How can you record from IPTV just the same as any other TV service receiver or can you sniff the network traffic. My mom had that as AT&T UVerse and it was awesome. the internet was FAST and you can get tons of channels.
coondogtheman1234 I just take the component output and run it into my Hauppauge HD capture box. you have to unplug the hdmi when doing so because if hdmi is connected the analog HD is turned off.
The fan is on a timer that runs it at times that the equipment that produces the most heat would be active, that being the day and evening. It turns off after midnight when all the equipment would generally be off. I could put it on a thermostat, but not really any point, the timer option keeps everything nice and cool.
You taught me so many tidbits in this video, some outdated but still valid. Thanks! So how does Raspberry Pi work? How do you make it stream and control a HDD?

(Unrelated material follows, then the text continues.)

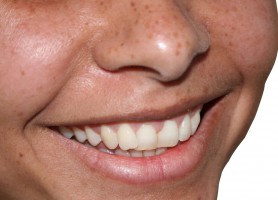 UE: dentyści raportują o niepożądanych efektach wybielania zębów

Paspberry Pi is just running OSMC (open source media center) whch is an XBMC / Kodi clone. From that there is an opetion to open files under the video tab, and the HDD plugged into the USB will be detected providing that it is formatted in ExFAT mode. There is an option to select random playback. Just put all the files in a folder (not the root) click on video, files and select the device. Right click on the folder that the files are in, and select PLAY. If random playback is selected it will play them in random, otherwise it will play in sequence, or you can create a playlist. Its great. Mine is a very old first generation and it has been running for many years 24/7. I'll do a video sometime showing how it is set up.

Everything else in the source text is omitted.